Lives and works in Brussels, Belgium
Having grown-up with the revolution of the Sega Master gaming system, Thomas Mazzarella depicts the metropolis as an ambivalent metaphor where modern and post-modern architecture is both the place of all fantasies—funny, bizarre and intriguing like a video-game—as well as a highly artificial space where the ability to dream is the way to escape. A sense of nostalgia permeates his paintings as if we all were the amnesic primitives of a new era, forced to accept the conditions of contemporary existence. Here, the viewer occupies an ambiguous position. A voyeur behind a screen, isolated from reality, unable to reach it, but still willing to grasp the meaning of it, to be part of it.
All paintings: Untitled, 2019, 20x20cm, oil on canvas
About the Artist
I grew up in Belgium, and I live and work in Brussels. At the beginning, I first started with graffiti, and at the time I was studying computer science. I was studying near a contemporary art museum. In my last years at school, I began to paint a little. At home, in the privacy of my bedroom. I painted tortured faces on plywood boards that I bought with my mother. At the same time, I started graffiti. Timidly. I went out under a bridge near the house at night, with a ladder. I was a self-taught painter. At that time, I had never taken courses in painting or drawing.
It was through the internet that I became interested in it. Then I met graffiti artists elsewhere in Belgium. I made contacts. I began to travel. Then I began study painting at the Royal Academy of Fine Arts in Liège.

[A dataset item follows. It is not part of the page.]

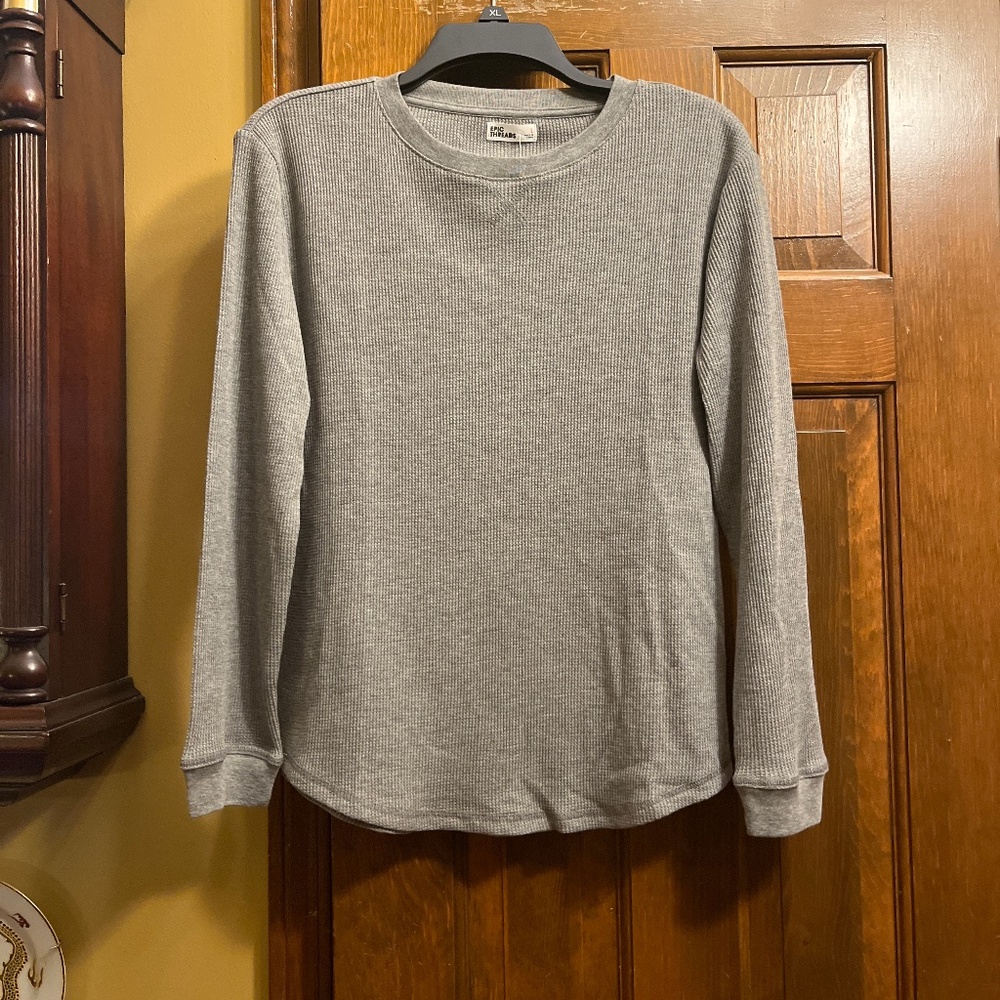 NWT Grey, Boys Thermal Long Sleeve, Pullover, Crewneck Shirt. L.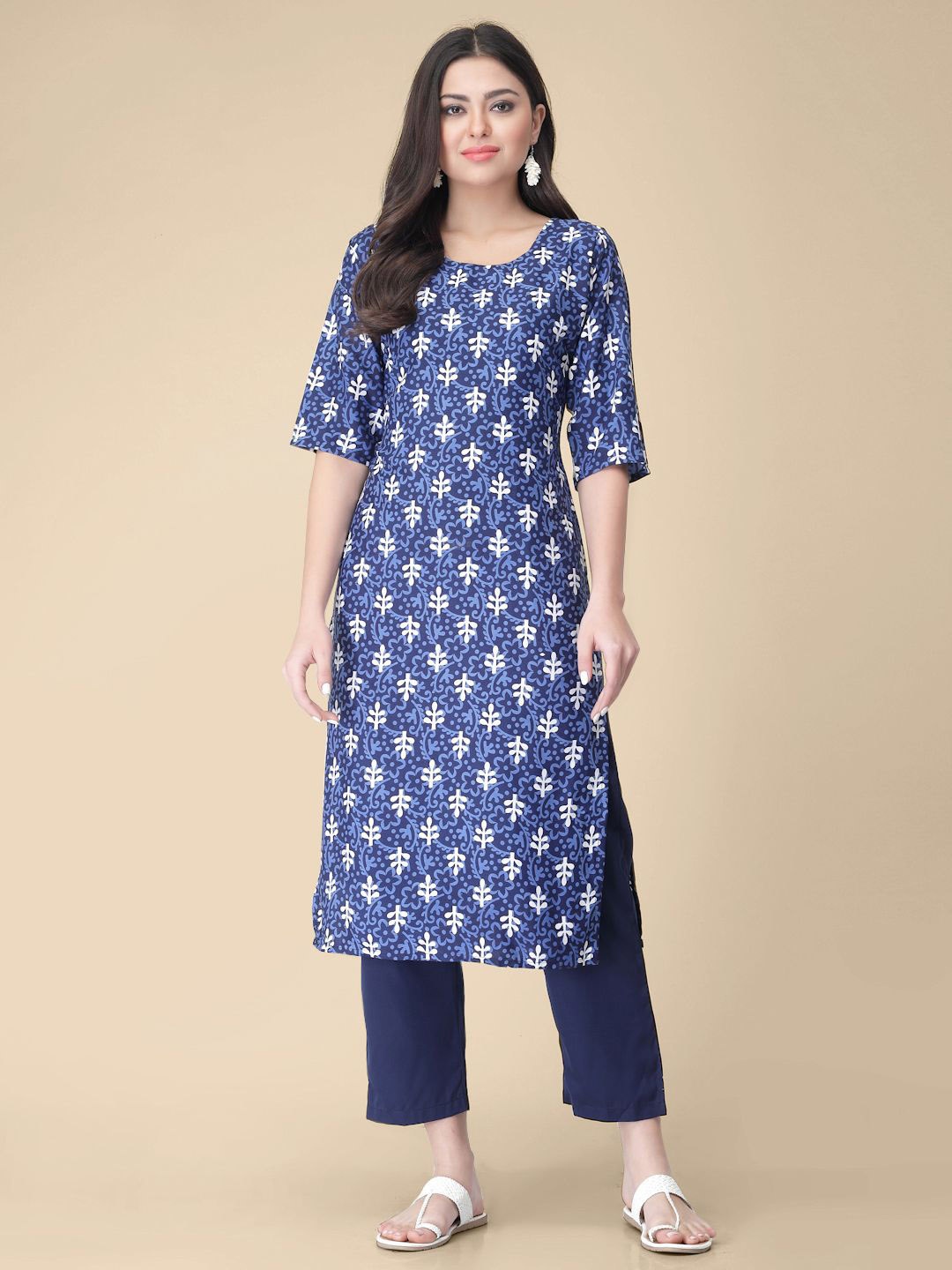 

7Threads Ethnic Motifs Printed Round Neck Kurta, Navy blue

Painting was the only thing that interested me. Upon entering the Academy, I did graffiti. First in Liège, then in other cities, in Belgium and in France. Never very far. But we moved around. Every weekend, we tried to go somewhere to jam in abandoned places. Illegal things sometimes, but not much. And then, with the help of my professors, I discovered artists who influenced me and led to what I do now.